You could have expanded a bit there but I’ll grant you that I may be oversimplifying things a little for the people reading us here. Basically, if the ROM is corrupted and recovery is impossible, it’s at the very least poor design because there’s no fallback recovery for the end user (at least none that can be used by oneself without shipping the phone to some authorized third-party).
No because of several reasons like Ubuntu, Anti Rollback…
Anti-rollback can coexist with a failsafe unlock mechanism. The real issue is poor design or vendor control, it’s definitely not a technical limitation.
You have been guided to the very detailed forum guide by @koumilak and no I’m not here to summarize this for you. Otherwise this is off topic here. Trying to lock after flashing Ubuntu resulting in a brick is not because of Fairphone missing documentation or the bootloader having a serious problem. Thats caused by Ubuntu and maybe anti-rollback protection implemented by Google into Android. And no a company must not provide tools like firehose to circumcent security measures.
The more I read Fairphone documentation and forum, the more I think one can skip waiting for support to reply in this situation and contact Cordon Electronics directly because apparently it’s not covered by warranty in case one cannot get back to stock OS. I assume they are provided with the firehose loader to run the QDL command and restore FPOS or whatever OS you had before installing Ubuntu.
I also went the live chat way by trying many times to bribe it into making me talk to a human but it didn’t work yet. Good luck
@koumilakfastboot flashing get_flashing_ability looks like a typo in the guide
I reached out to the Cordon Group via the communications contact email form and received an email back from SBE Ltd saying that they “do not support this manufacturer” and I responded with a link to this page here…
You normally cannot bypass Fairphone and directly contact Cordon
That would be really bad for them, because, in addition to allowing phones to be bricked, customers would have to wait for customer service to respond, which takes forever.

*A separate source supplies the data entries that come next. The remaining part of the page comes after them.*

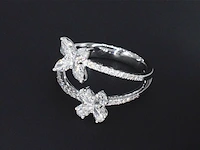 Witgouden ring met diamanten 1.30 carat - afbeelding 6 van  10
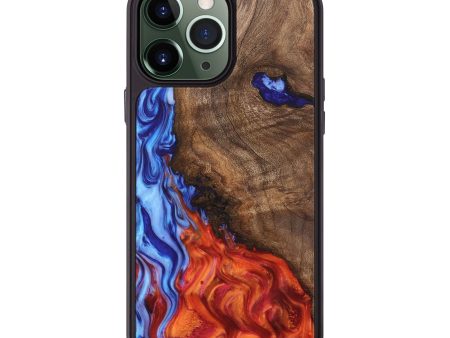 iPhone 13 Pro Max Wood Phone Case - Denzell (Fire & Ice, 736804) Online Sale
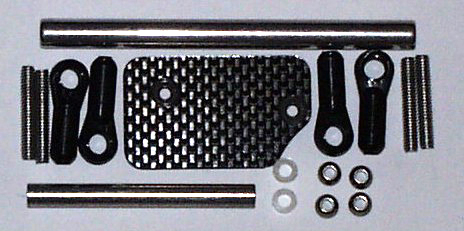 Tamiya Clod Clodbuster Carbon rear steering lock out kit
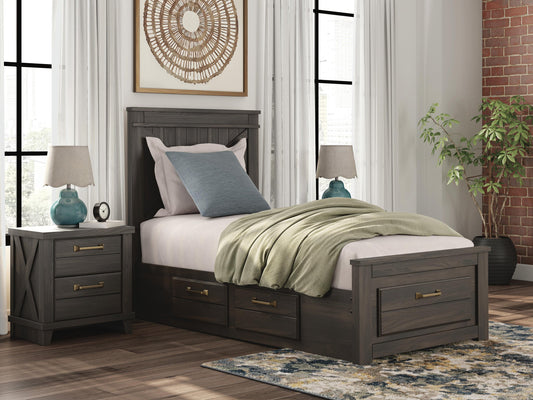 Ashley Express - Vonitta Bay Twin Panel Storage Bed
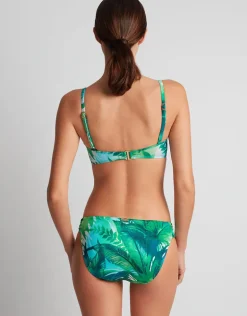 Cartago Palms Twist Side Tab Hipster Bikini Pant - Multi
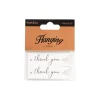 Hanging Gift Tags Thank You Flag White Pack 20 (7Lx2W)cm)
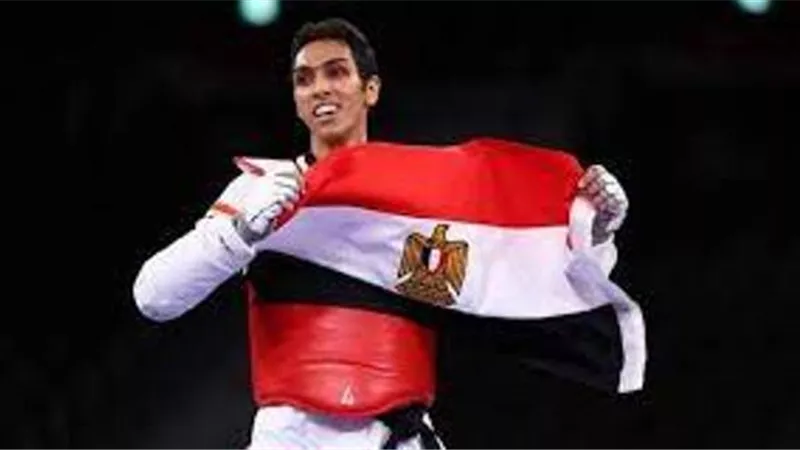 سيف عيسى يحقق ذهبية جديدة لمصر فى التايكوندو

I’m not a stuntman, but that sounds like a big legal stunt.
Whyever you repeatedly throw the word legal in. To flamebait?
Do you know the contracts with cordon? How should that work? I contact cordon and than they handle the correspondence with FP for me, Cordon decides what is warranty and what not? We have already seen whats happening when they decide: they dont flash anew they exchange the motherboard for hundrets of euros.

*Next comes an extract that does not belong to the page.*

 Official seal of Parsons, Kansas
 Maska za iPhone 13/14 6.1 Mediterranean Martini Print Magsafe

So however you find that, its the way it works: the contact especially for warranty claims has to go through Fairphone.
You think they break laws? Search a lawyer and go the legal route.

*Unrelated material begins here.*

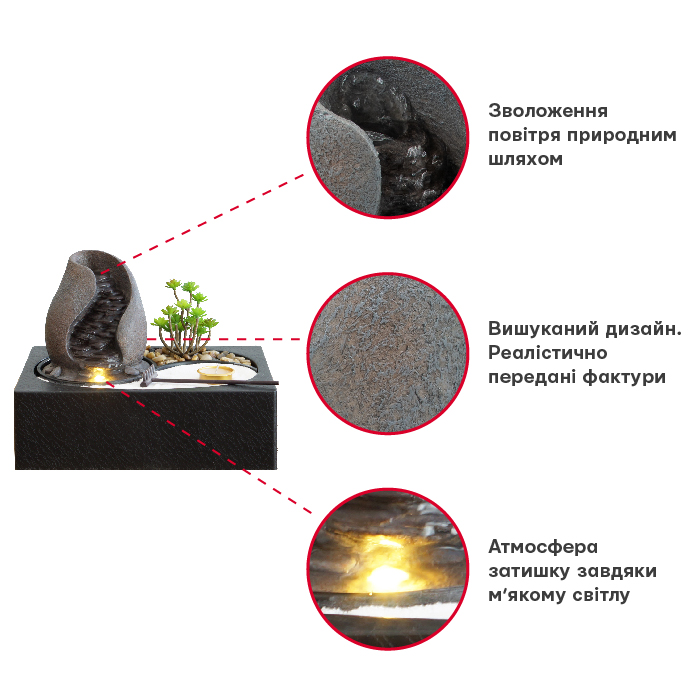 Фонтан декоративний Engard East garden 29х21х22 см (FT-10)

Fairphone owners have Fairphones, no Cordon phones and no service contracts with Cordon directly. There’s just no legal base for Cordon as an outsourcing partner of Fairphone (“our Service Center” as per FAQ) to do anything for users without Fairphone’s involvement.
Sure, Cordon on their own would be free to offer direct service to Fairphone owners for money, but they choose not to, and that’s their right as a business.
You can stop bothering Cordon. This runs through Fairphone.
It’s very sad (and quite frankly not acceptable) that support takes so long currently, but this doesn’t change the fact that Fairphone have to tell “their Service Center” what to do.